Hi Adam, thank your for your extensive feedback. I'll try to address all questions.
One projects can be a lot of work and you propose to work on 2 at the same time. Are you certain you'd like to do it? Or is it maybe because both projects are somehow related, i.e. one is needed by the other?
There is a relation in the sense that I think that a fast (not necessarily Delaunay) triangulation algorithm and a triangle concept are beneficial for a random point generator that generates points uniformly distributed inside a polygon (and this is probably true for higher dimensions as well). For a large number of points, I found that directly sampling to triangles outperforms a rejections sampler. Other than that, my proposal to combine two projects is based on a conservative estimate of the total amount of work. It took roughly a day to implement an initial, imperfect variant of s-hull (for the programming competency test) and the triangulation algorithms commonly described in literature seem to be intuitively accessible enough to be implemented properly in a reasonable timeframe. The random samplers are, in my opinion, a simpler problem than the triangulation, so they can be completed afterward but still within the GSoC. I am certain that I can produce a good quality implementation with proper tests and documentation of the proposed features in the GSoC work period with reasonable effort.

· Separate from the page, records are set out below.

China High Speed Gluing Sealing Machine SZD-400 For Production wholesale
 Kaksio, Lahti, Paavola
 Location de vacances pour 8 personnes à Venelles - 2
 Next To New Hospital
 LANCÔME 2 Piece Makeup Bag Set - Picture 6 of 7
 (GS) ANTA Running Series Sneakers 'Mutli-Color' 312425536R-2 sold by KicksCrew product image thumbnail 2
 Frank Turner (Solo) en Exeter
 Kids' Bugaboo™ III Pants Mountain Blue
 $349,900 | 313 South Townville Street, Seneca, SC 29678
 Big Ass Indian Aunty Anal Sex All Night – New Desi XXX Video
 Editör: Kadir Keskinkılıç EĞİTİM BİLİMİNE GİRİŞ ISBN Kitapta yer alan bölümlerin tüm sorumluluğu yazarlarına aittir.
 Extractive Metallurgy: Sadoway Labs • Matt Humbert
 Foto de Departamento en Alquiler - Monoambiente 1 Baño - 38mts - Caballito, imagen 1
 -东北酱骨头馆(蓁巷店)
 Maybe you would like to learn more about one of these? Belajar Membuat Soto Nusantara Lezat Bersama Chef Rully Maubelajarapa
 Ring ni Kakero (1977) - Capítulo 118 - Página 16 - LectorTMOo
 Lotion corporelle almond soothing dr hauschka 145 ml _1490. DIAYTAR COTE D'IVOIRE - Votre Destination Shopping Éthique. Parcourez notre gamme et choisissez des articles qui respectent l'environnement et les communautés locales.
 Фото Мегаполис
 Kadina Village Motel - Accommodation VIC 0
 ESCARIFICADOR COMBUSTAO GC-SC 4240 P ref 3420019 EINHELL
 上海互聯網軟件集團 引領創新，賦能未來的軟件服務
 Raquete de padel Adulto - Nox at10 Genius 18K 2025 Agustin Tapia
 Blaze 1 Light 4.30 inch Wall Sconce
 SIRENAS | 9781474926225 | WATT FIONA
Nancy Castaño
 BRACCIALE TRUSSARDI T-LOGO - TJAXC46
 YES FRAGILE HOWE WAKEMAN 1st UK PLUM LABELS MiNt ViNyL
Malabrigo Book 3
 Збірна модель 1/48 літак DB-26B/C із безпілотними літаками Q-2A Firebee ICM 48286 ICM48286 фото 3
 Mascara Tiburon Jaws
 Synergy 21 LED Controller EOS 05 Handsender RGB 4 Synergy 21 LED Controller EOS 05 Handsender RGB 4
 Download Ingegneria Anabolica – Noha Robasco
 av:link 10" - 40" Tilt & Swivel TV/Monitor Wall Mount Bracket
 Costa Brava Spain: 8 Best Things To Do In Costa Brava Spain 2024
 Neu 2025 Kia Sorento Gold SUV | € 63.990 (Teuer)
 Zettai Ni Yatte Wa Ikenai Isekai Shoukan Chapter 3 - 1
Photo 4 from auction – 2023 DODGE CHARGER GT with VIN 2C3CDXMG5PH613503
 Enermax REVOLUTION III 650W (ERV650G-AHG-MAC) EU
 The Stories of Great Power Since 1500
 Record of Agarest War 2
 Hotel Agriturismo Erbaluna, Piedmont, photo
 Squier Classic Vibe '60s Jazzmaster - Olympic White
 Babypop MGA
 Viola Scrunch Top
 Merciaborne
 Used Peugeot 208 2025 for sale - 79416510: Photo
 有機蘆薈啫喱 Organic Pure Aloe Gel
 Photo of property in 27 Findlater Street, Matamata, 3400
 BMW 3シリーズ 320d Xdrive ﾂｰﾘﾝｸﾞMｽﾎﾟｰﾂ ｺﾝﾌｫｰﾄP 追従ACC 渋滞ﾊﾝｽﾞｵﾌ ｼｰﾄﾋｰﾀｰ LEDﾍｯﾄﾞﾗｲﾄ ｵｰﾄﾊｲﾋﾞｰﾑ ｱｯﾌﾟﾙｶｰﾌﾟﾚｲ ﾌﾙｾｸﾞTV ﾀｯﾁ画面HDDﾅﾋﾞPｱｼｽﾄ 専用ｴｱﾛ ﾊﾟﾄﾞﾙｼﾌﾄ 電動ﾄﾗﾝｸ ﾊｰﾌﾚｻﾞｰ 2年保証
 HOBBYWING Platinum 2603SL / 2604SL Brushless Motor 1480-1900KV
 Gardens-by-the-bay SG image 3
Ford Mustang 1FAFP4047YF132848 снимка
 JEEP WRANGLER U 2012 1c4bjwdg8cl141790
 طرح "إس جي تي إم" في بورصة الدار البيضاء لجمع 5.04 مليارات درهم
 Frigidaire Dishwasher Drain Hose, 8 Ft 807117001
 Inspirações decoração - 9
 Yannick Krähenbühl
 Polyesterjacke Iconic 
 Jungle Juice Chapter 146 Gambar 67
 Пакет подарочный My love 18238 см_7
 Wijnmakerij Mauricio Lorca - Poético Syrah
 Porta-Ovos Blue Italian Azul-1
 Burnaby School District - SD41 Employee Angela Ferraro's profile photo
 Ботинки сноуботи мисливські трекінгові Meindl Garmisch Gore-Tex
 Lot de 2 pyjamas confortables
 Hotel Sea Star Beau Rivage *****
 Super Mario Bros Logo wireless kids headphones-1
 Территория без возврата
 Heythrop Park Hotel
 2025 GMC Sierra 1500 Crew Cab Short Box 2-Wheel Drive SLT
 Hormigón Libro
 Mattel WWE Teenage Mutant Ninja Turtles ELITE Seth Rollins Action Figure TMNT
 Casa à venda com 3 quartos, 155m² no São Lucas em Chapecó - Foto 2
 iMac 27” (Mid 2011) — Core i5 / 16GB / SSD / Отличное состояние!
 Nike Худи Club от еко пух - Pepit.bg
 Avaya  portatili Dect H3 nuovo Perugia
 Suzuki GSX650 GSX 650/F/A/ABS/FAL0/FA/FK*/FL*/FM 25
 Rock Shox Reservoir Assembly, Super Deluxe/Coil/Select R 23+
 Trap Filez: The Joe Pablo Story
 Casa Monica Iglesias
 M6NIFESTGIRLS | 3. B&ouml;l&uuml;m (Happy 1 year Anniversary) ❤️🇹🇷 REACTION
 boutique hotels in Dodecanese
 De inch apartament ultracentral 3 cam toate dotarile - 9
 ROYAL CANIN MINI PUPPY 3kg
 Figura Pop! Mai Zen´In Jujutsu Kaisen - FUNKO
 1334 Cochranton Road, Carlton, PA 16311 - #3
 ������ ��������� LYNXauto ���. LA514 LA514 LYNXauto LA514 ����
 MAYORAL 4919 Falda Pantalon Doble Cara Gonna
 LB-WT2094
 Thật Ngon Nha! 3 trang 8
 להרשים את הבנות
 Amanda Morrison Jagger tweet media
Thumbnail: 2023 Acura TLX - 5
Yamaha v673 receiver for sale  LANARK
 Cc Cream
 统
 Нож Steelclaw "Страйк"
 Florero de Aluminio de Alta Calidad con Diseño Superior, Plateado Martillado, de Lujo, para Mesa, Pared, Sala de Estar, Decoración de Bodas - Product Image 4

What coordinate systems are you planning to support? Cartesian, geographic, etc. In case you decided to implement algorithm for one coordinate system, would the same algortihm theoretically work with different ones or would different algorithm be required?
Regarding the random generators: Generally, uniform sampling can be done in geographic coordinates using an equal-area transformation from the cylinder to the sphere, and I have considered that in the proposal (last paragraph before milestones). However, I imagine that in GIS applications one is usually interested in very small subsets of the sphere so rejection_sampling would be prohibitively expensive. In the programming competency test, I implemented a more efficient sampler for convex polygons by decomposing it into triangles and sample uniformly on triangles. I suppose the most obvious approaches would be to do the same thing for polygons on spheres (I've found a straightforward way to do that in literature: https://www.graphics.cornell.edu/pubs/1995/Arv95c.pdf ) or to at least chose some box or polygon in cartesian coordinates so that its image (under an equal area transformation) covers the interesting area of the sphere and not too much more, take uniform samples in it, map them to the sphere, and reject them if necessary. I'd be thankful for input from potential users of randomly generated points in geographic (or other) coordinate systems if there is more to consider. More on randomly generated points below. Regarding triangulation: In my literature research for the proposal, I concentrated on Delaunay triangulations in cartesian coordinates. I've looked into the spherical case and there is a lot of literature for that as well, for example, this paper on adapting Fortune's algorithm to spheres ( http://www.e-lc.org/tmp/Xiaoyu__Zheng_2011_12_05_14_35_11.pdf ). I've seen very intuitive approaches to that using complex hull algorithms and projections to the sphere. I don't know how well and with how much effort the algorithm I've linked in my proposal translates to triangulations on spheres but I will think about it. Do you know how much interest there would be in Delaunay triangulations on spheres and what the usual use case would be? If someone enters 3 points does he want a decomposition of the sphere into 4 triangles or would one usually be interested in the triangulation of a small subset of the sphere?
2. Triangulation
So triangulation is basically a triangle mesh represented by arrays of vertices and indexes, correct? If that's the case then maybe we need more general mesh concept?
I suppose it could be generalized. Edges and vertices would remain the same thing but faces could be arbitrary rings with more than three adjacent faces.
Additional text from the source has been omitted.